Além de caros, esses procedimentos representam riscos para a saúde.
A exposição à radiação da tomografia pode provocar câncer.
“Tratamentos mais caros são indicados quando um mais simples daria
uma assistência melhor. Órteses e próteses são utilizadas
excessivamente e o preço praticado é ‘de acordo com o freguês’, por
falta de regulação. É preciso transparência nos processos. A
regulação assimétrica regula a ponta, os planos de saúde, mas não
estende aos demais elos da cadeia, de médicos a fornecedores”,
aponta o superintendente de regulação da FenaSaúde, Sandro
Leal.
Existem ainda as fraudes como emissão de notas falsas, simulação de
atendimentos e prescrição de tratamentos que são até mesmo
contraindicados pelos conselhos profissionais, além da postergação
de alta hospitalar para garantir o leito. “A lógica econômica que
persiste no setor é perversa, remunera o desperdício, o gasto
desnecessário. A grande mudança tem que passar a remunerar a
qualidade do serviço médico e não o volume”, completa Leal. Segundo
ele, nos últimos 10 anos, a conta dos planos de saúde fechou no
vermelho em seis.
O Instituto de Estudos de Saúde Suplementar (IESS) estima que, em
2016, as fraudes custaram R$ 14 bilhões em contas hospitalares e R$
11 bilhões em relação aos exames. O Ministério Público Federal e a
Receita Federal estimam que um esquema de fraude em compras de
próteses e equipamentos médicos pela Secretaria de Estado do Rio de
Janeiro e pelo Instituto Nacional de Traumatologia (Into) provocou
desvio de, ao menos, R$ 300 milhões. A estimativa, que se refere ao
período de 2007 a 2016, envolve irregularidades em importações dos
equipamentos e propina de 10% que incidia sobre os contratos.
(MS)
Previna-se
Confira uma lista de perguntas que o
paciente pode fazer ao médico antes de se submeter a um exame ou
tratamento:
» Esse procedimento é realmente necessário?

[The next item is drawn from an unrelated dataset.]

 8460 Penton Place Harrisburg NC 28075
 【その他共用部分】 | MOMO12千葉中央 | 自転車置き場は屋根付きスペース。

» Quais são os benefícios, as contraindicações e os efeitos
colaterais?
» Existem opções mais simples e seguras?
» O que acontece se não investigar ou se não tratar o problema?
» Quais são os custos envolvidos?
Fonte: FenaSaúde
Máfia das próteses
Três anos se passaram desde que
a máfia das próteses veio à tona. O esquema, suspeito de movimentar
cerca de R$ 12 bilhões em 2015, se disseminou pelo país. A prática
consistia em colocar em pacientes órteses e próteses sem
necessidade, muitas vencidas e superfaturadas, em troca de comissão
a médicos. O esquema beneficiou dezenas de envolvidos, desviou
dinheiro do SUS e encareceu planos de saúde. Nos últimos anos, mais
de 40 pessoas foram detidas, sendo 13 só no Distrito Federal.
Destas, sete eram médicos.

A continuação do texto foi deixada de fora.